Raising the bar on local democracy
AUTHOR: ANDREW TUBB, CHIEF EXECUTIVE OF CIRENCESTER TOWN COUNCIL
Having received over 500 positive and constructive responses to a public consultation on Cirencester Town Council’s budget proposal and always seeking to raise the bar even higher, I was interested to learn about innovative democracy at a conference in Manchester, part of International Week for Democratic Innovation.
It was good to see that Frome Town Council – a former winner of Council of the Year in NALC’s Star Council Awards – had shared on Day 1 about their democratic revolution which underpins an ethos of developing participative ways of engagement and decision making; I attended on Day 2.
For those who know me, I am usually of a positive disposition, change brings opportunity and new ideas enthuse me but on this occasion I became a little disheartened that as a sector we weren’t really mentioned or at the heart of this conference; some people I spoke to weren’t aware of the significance of NALC or of the role of parish and town councils in influencing, participating and directly delivering to meet the needs of local communities. Raising the profile of our sector must remain a task we all have a part to play in.
When the Government first announced the Innovation in Democracy Programme, I was excited because I saw this as a great opportunity. In Cirencester, we have been discussing how we can engage more regularly and effectively with the public to help us shape policy and decision making through a continuum of engagement.
For whatever reason we don’t always get engagement right, sometimes we are not effective in reaching out and giving the public an opportunity to shape policy and have a voice in decision making, so what I did find refreshing, was an openness around what works well and that which doesn’t.
Whilst the parish and town sector didn’t take centre stage, I was particularly inspired and influenced by the key note speakers and those I met in workshops.
Georgia Gould, Leader of Camden Borough Council made me think about co-opting residents on to groups and committees in a non-voting capacity “citizen participation is a journey, a learning process”.
I was also particularly struck by the Our Place project in Waltham Forest and the level of engagement with young people; this made me think of sharing about the work of NALC and parish and town councils in citizenship classes within secondary schools and colleges.
Speakers spoke of a deliberative wave and being ambitious about citizen participation; a random thought got me thinking about what on earth to do with the Annual Meeting of the Parish! Let’s not ditch it, let’s use it.
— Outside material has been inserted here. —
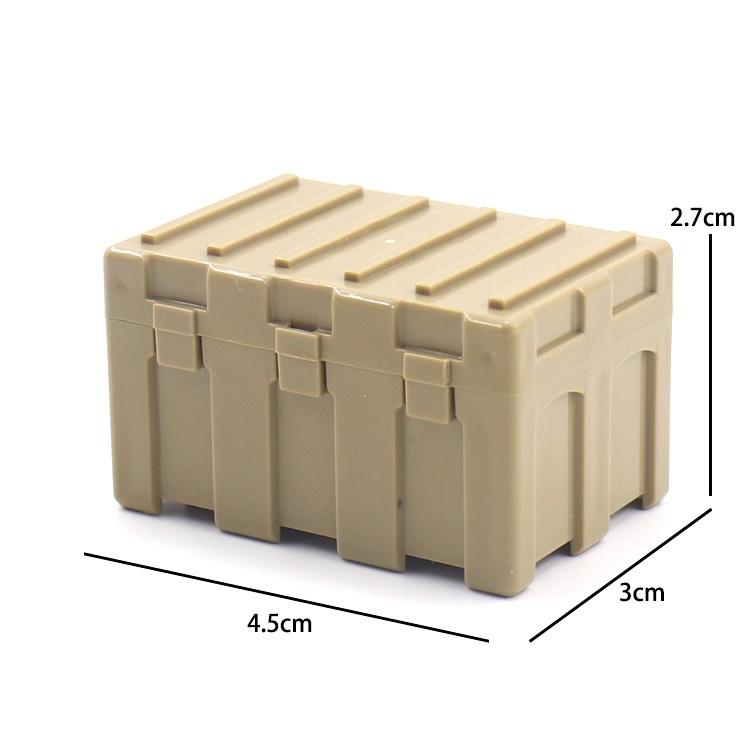 Military Caisson Chest Weapon Gun Storage Box Weapon MOC Building Blocks SWAT Soldier Figures Guns Army Bricks Toys for Children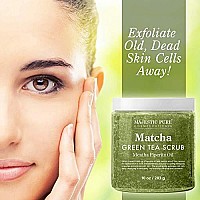 Matcha Green Tea Body Scrub For All Natural Skin Care - Exfoliating Multi Purpose Body And Facial Scrub Moisturizes And Nourishes Face And Skin - 10 Oz - Great Gift For Her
Re-brand it as a Citizens Assembly and an opportunity to start a meaningful conversation. Let’s innovate. Building on NALC’s ultra-localism prospectus, working together at a local level to help communities help themselves. Engagement which shapes policy and decision making.
This was one conference I came away from, knowing I had to do something proactive at a local level; to play my part in raising the bar and delivering meaningful democracy.